AI Drug Discovery: SandboxAQ, Tazbentetol, and New

SandboxAQ on Tuesday announced an integration with Anthropic’s Claude that puts its physics-grounded drug discovery models behind a conversational interface, the same week that schizophrenia drug tazbentetol posted a 6.3-point placebo-adjusted PANSS reduction in a Phase 2 add-on trial — two data points that together illustrate how quickly AI-assisted medicine is moving from research abstraction to clinical signal.

SandboxAQ Brings LQMs Into Claude

Founded roughly five years ago as an Alphabet spinout, SandboxAQ has raised more than $950 million from investors and counts Eric Schmidt, Google’s former CEO, as its chairman. According to TechCrunch, the company has now integrated its large quantitative models (LQMs) directly into Claude, Anthropic’s conversational AI assistant.

LQMs differ from conventional language models in a fundamental way: they are built on the rules of physics rather than patterns in text.
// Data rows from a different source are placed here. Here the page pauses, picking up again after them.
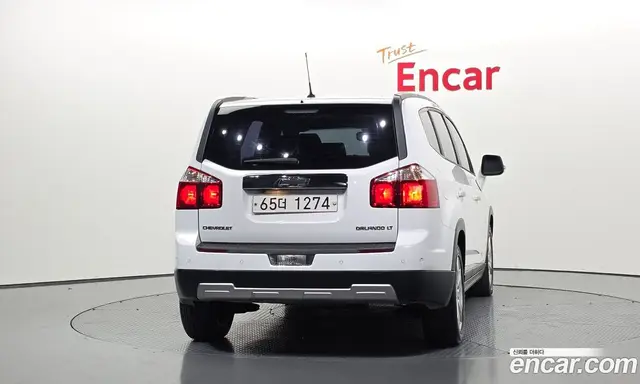 Chevrolet Orlando 2014 2.0 автомат (гидро), миниатюра 4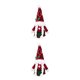 thumbnail image 4 of Muñeca sin rostro de Navidad Inteprter con pelo largo para decoración personalizada Tipo 2, 4 of 6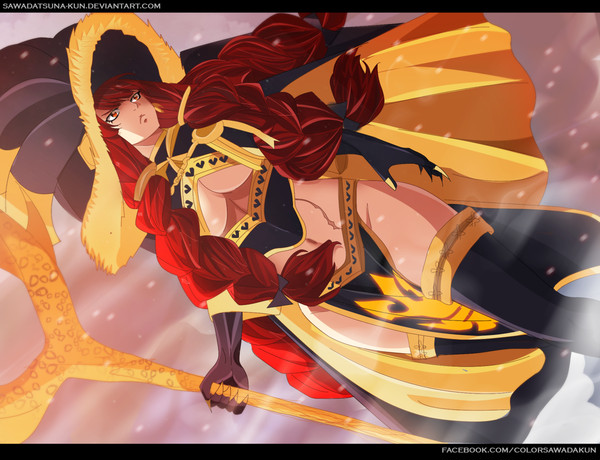 Irene Berselion | Fairy Tail 483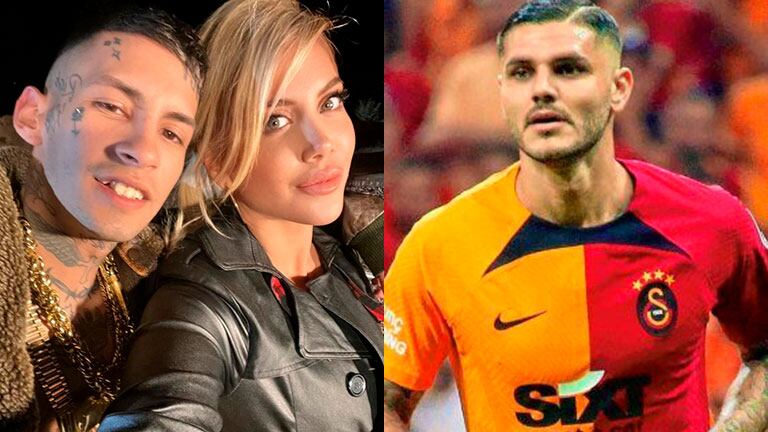 Revelaron qué piensa Mauro Icardi sobre el romance de Wanda Nara con L-Gante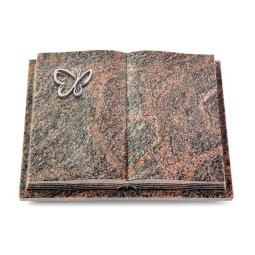 Grabbuch Livre Podest Folia/Himalaya Papillon (Alu)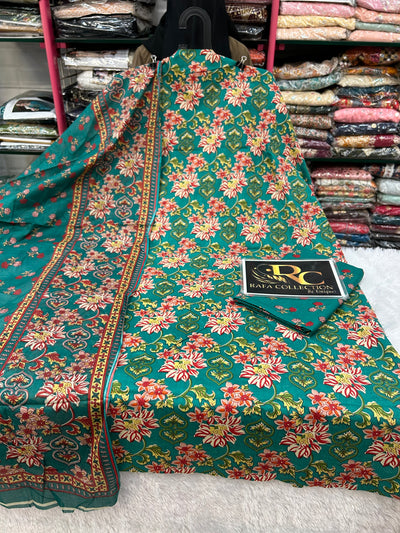 Cotton Unstich Material Dpx 003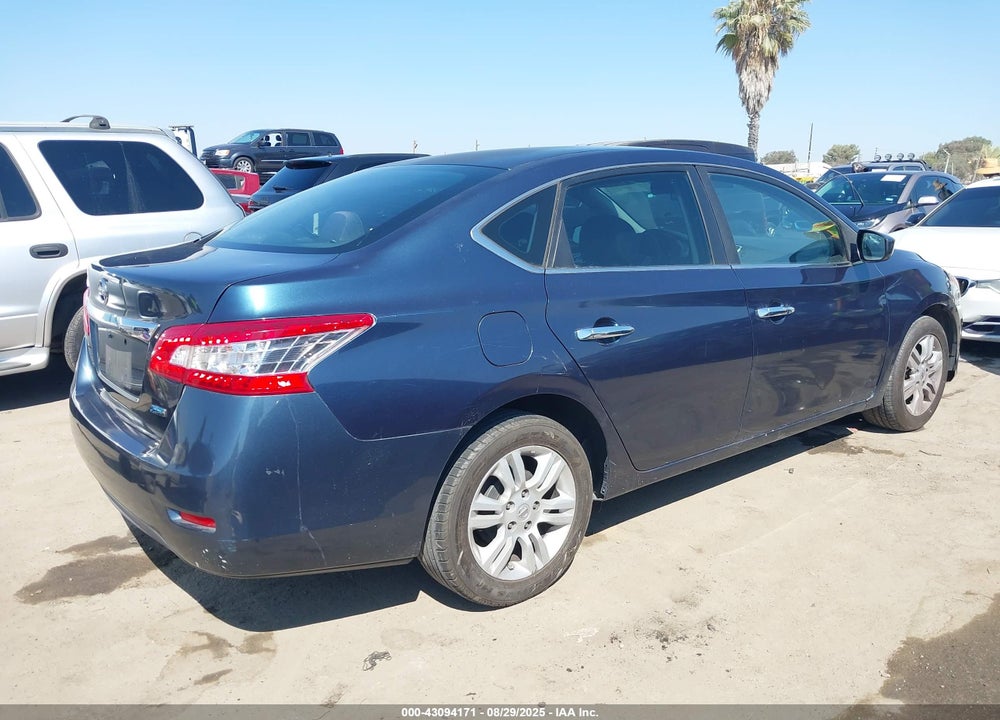 2013 NISSAN SENTRA VIN: 3N1AB7AP3DL733884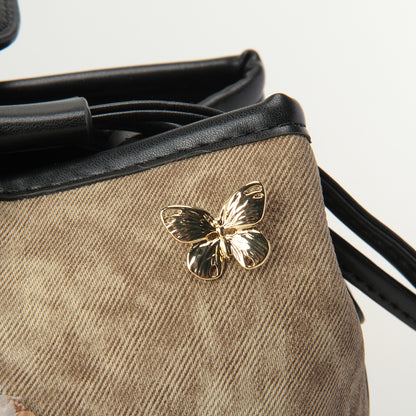 ゴールデンアンバーオリジナルハンドメイドバッグ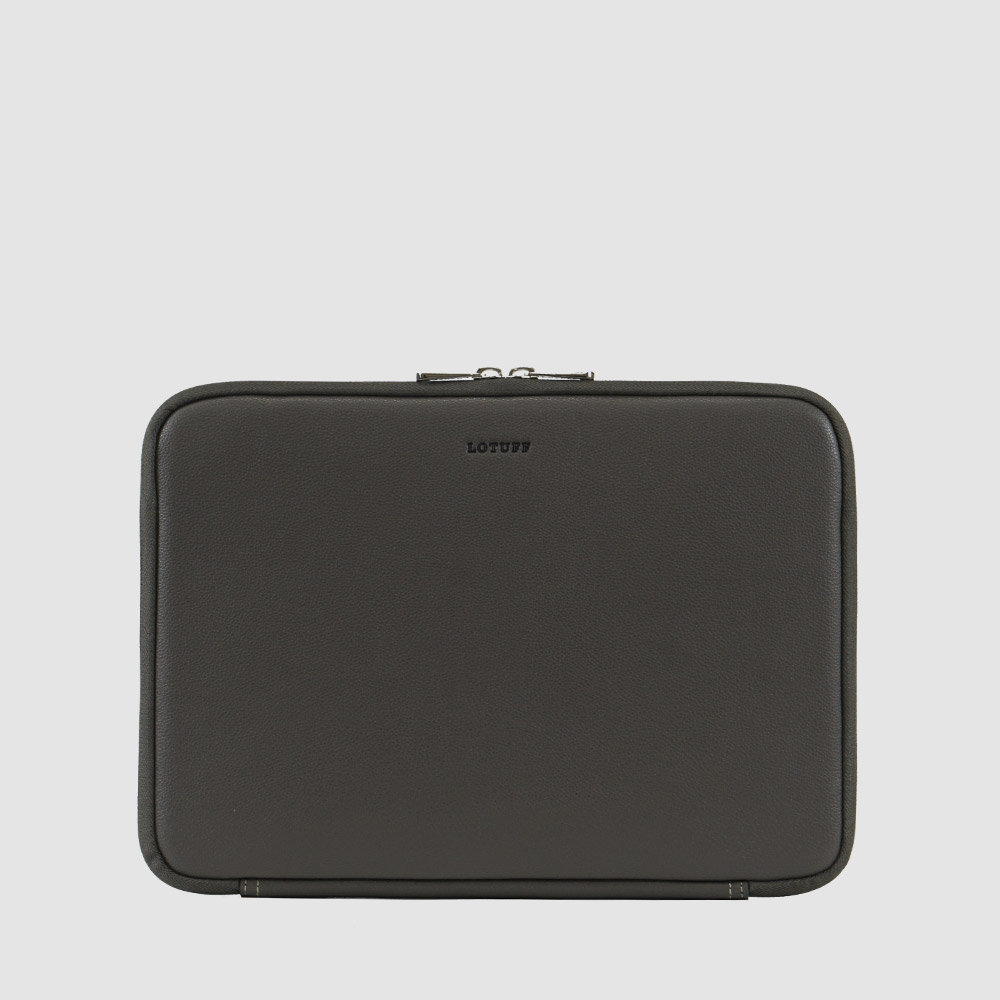 가죽 파우치 로터프 LO-8820 GR(그레이), 아이패드 프로 27.9cm(11인치) M2 4세대 - 상세 이미지 2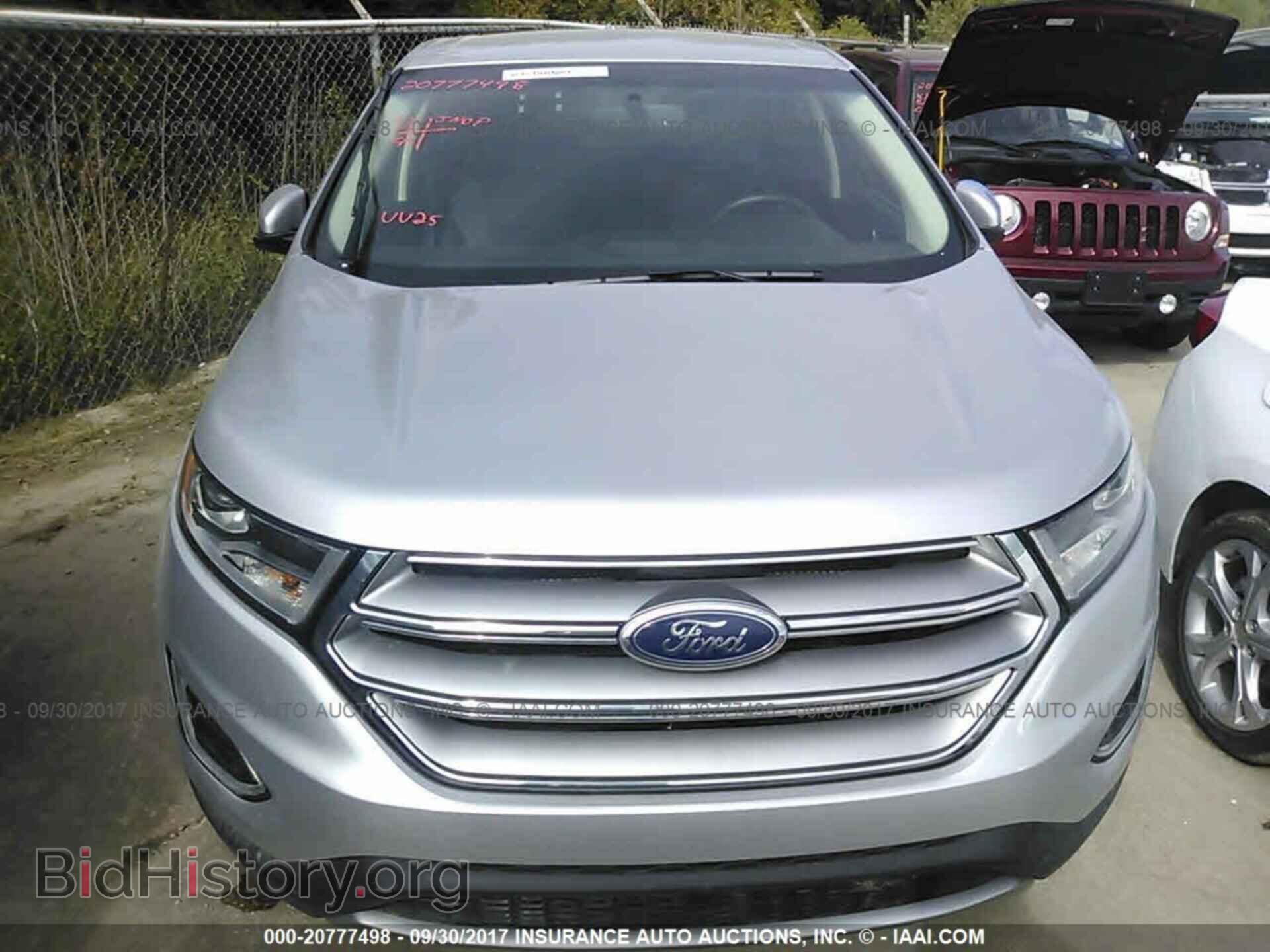 2017 Ford Edge - VIN: 2FMPK3K92HBB12424 - Photo 6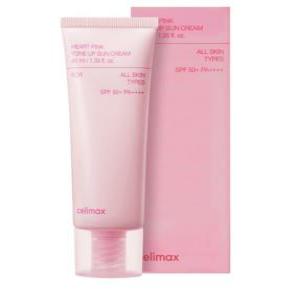 셀리맥스 하트핑크 톤업 선크림 SPF50+ PA++++, 40ml, 1개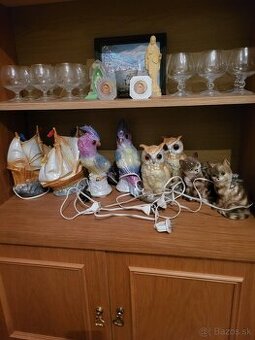 Predam keramicke sošky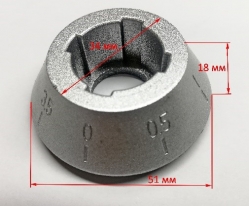 Шкала регулятора для Р-110/1100, Р-110/1300, Р-110СТ(12) Вихрь YHV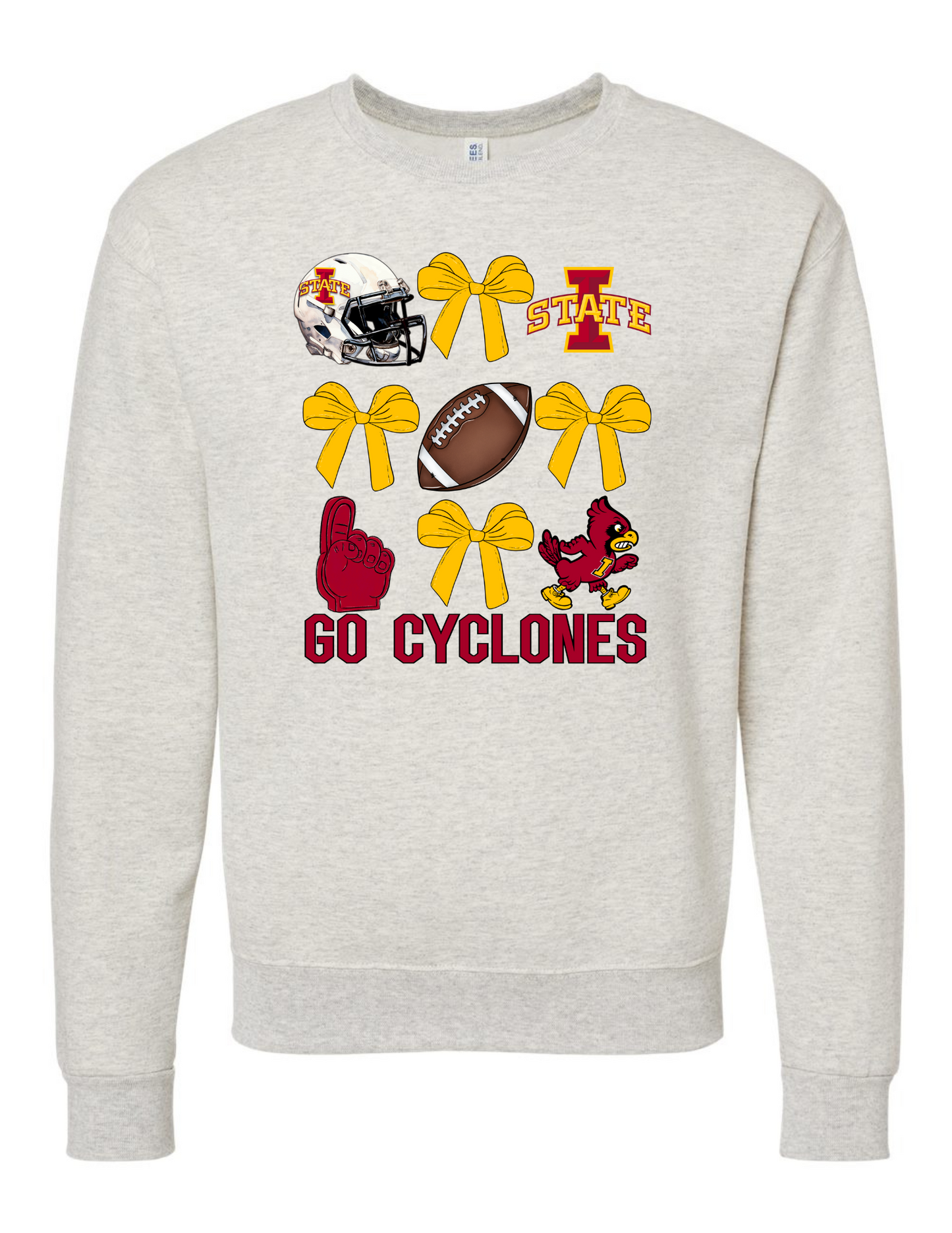 3315 Iowa State Football DTF/Sublimation Transfers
The models can run quantum chemistry calculations and simulate molecular dynamics and microkinetics — the study of how chemical reactions unfold at the molecular level. That means researchers can query how a candidate molecule is likely to behave before any lab work begins.

The practical implication, as SandboxAQ frames it, is an interface problem solved. Most AI drug discovery tools still require technically sophisticated users to operate. By routing LQM capabilities through Claude’s conversational layer, SandboxAQ is targeting researchers who understand the science but lack specialized computing infrastructure. The company described LQMs as engineered for a “quantitative economy” it values at more than $50 trillion, spanning biopharma, financial services, energy, and advanced materials.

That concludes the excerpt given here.